God wanted justice and righteousness to be kept and practiced by His people in Israel. Isaiah said, “Thus says the Lord, ‘Preserve justice and do righteousness, for My salvation is about to come and My righteousness to be revealed” (Isa 56:1-3). Later, Jeremiah said, “Thus says the Lord, ‘Do justice and righteousness, and deliver the one who has been robbed from the power of his oppressor. Also do not mistreat or do violence to the stranger, the orphan, or the widow; and do not shed innocent blood in this place” (Jer 22:3). Justice is a common theme with the prophets. For example, among the more well known passages we find this from Amos:

“But let justice roll down like waters, and righteousness like an ever-flowing stream” (Amos 5:24). Letting justice roll down was connected here to seeking the Lord (v. 5), seeking good and not evil (v. 14), and not being hypocritical about offering sacrifices while mistreating people acting wickedly. Justice was more than legal justice, however; it was treating others properly and following God’s will from the heart.
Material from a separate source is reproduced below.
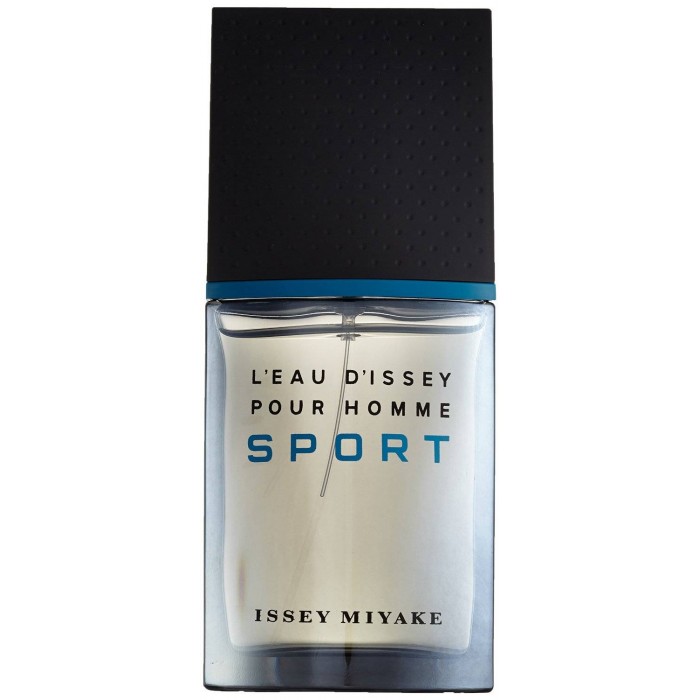 Issey Miyake L`Eau d`Issey Sport - Apă de toaletă pentru bărbați 50 ml Issey Miyake L`Eau d`Issey Sport - Apă de toaletă pentru bărbați 50 ml Parfumuri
Justice requires a standard, and the Lord provides just that. Likewise, Micah tells us this:

“He has told you, O man, what is good;
And what does the LORD require of you
But to do justice, to love kindness,
And to walk humbly with your God?” (Micah 6:8)

Like Amos, Micah also shows the importance of seeking God and His righteousness as foundational to treating others with justice and righteousness. The city was full of wickedness, people mistreating and oppressing others, lies, and violence. The time had come for judgment because the people were refusing to repent. It wasn’t as though God had asked too much of them. He wasn’t asking for what they could not do. He had told them what He required: “to do justice, to love kindness, and to walk humbly with your God.” Have these principles changed? Would God not still want these from His people?
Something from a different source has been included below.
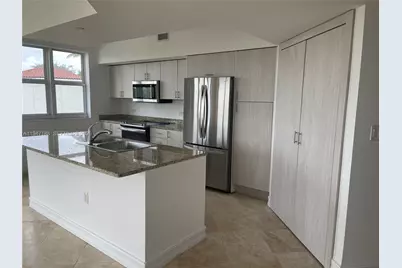 19900 E Country Club Dr #502, Aventura, FL 33180 - Photo 8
We typically think of justice being connected to a legal system, and this is important because a society that does not ground itself in the principles of justice cannot stand. However, justice, biblically, must also be practiced personally. It isn’t just about what we do legally; it’s about how we as individuals treat other people. Whether a legal system ever practices what is just, individuals are required to do justice in their own lives. We cannot think that justice is only relegated to the greater society. Each person who cares about what is right will seek to practice justice in their lives by respecting God’s desires for human beings.
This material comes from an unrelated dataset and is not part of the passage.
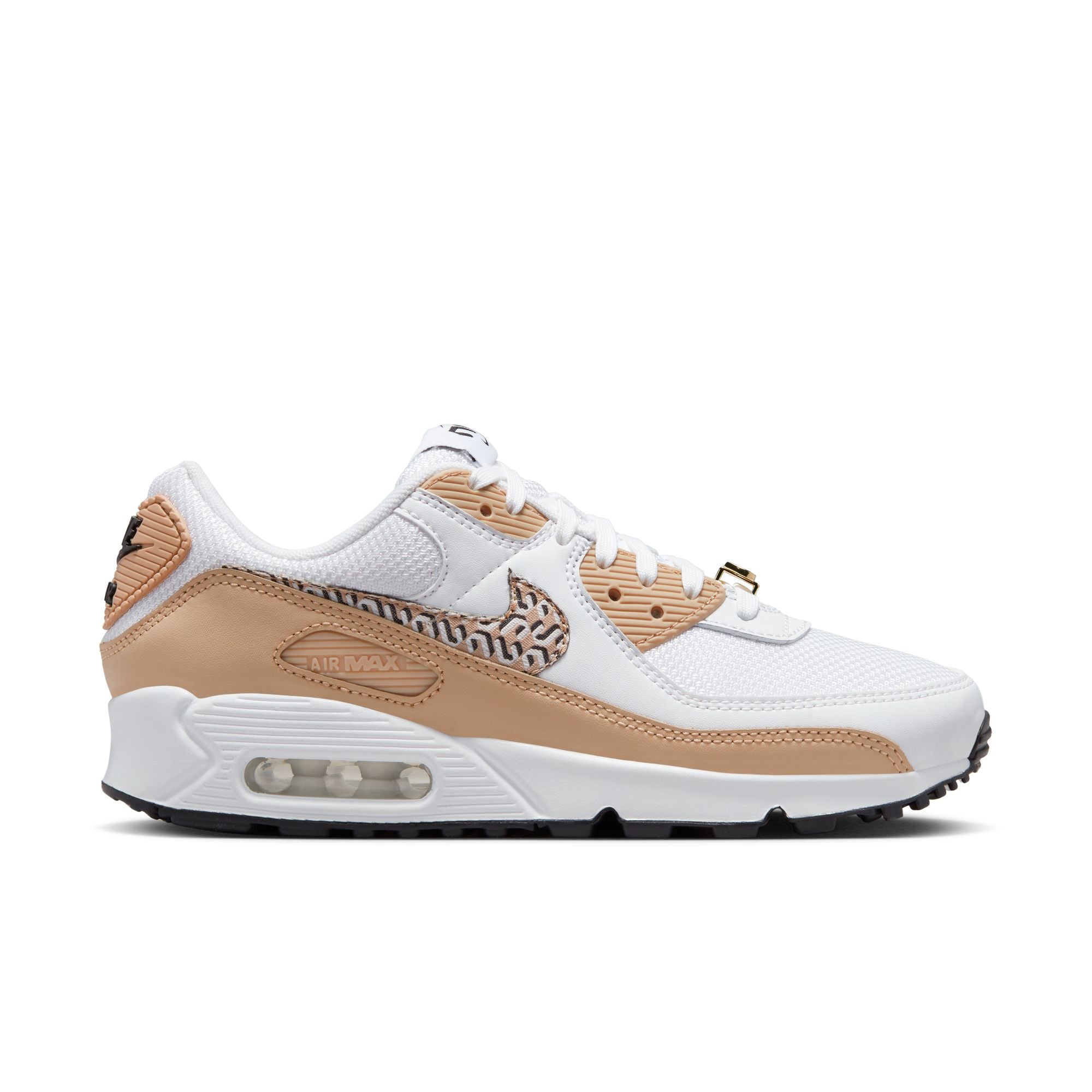 Nike Air Max 90 x Nike United Women's Shoes.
We do justice by treating others with respect and dignity for one basic reason: people are made in God’s image (Gen 1:26-27). Think about this specific application given by James. After making the point about taming the tongue, he writes, “With it we bless our Lord and Father, and with it we curse people who are made in the likeness of God; from the same mouth come both blessing and cursing. My brethren, these things ought not to be this way. Does a fountain send out from the same opening both fresh and bitter water? Can a fig tree, my brethren, produce olives, or a vine produce figs? Nor can salt water produce fresh” (Jas 3:9-12). Cursing people, all of whom are made in God’s image, is committing an injustice against those people because it is showing disrespect for them and the One in whose image they are made.

We understand that committing crimes against others should be legally handled and justice done. Governing authorities do not bear the sword in vain (Rom 13:1-5). Yet let’s remember the personal side of this not only as members of a greater society, but even more as members of the body of Christ. Mistreating others is unjust. Cursing people is unjust. Gossip, unloving behavior, slander, oppression, violence, and other sins are committing injustices against them. God expects repentance and a commitment to treating others properly.  

Make it personal. If you care about justice, you will care about how you treat other people. Therefore, “love your neighbor,” which does no harm to others (Rom 13:9-10), and “whatever you wish that others would do to you, do also to them” (Matt 7:12). If we do this, justice will roll down like waters and righteousness like an ever-flowing stream. What does the Lord require of you? You know.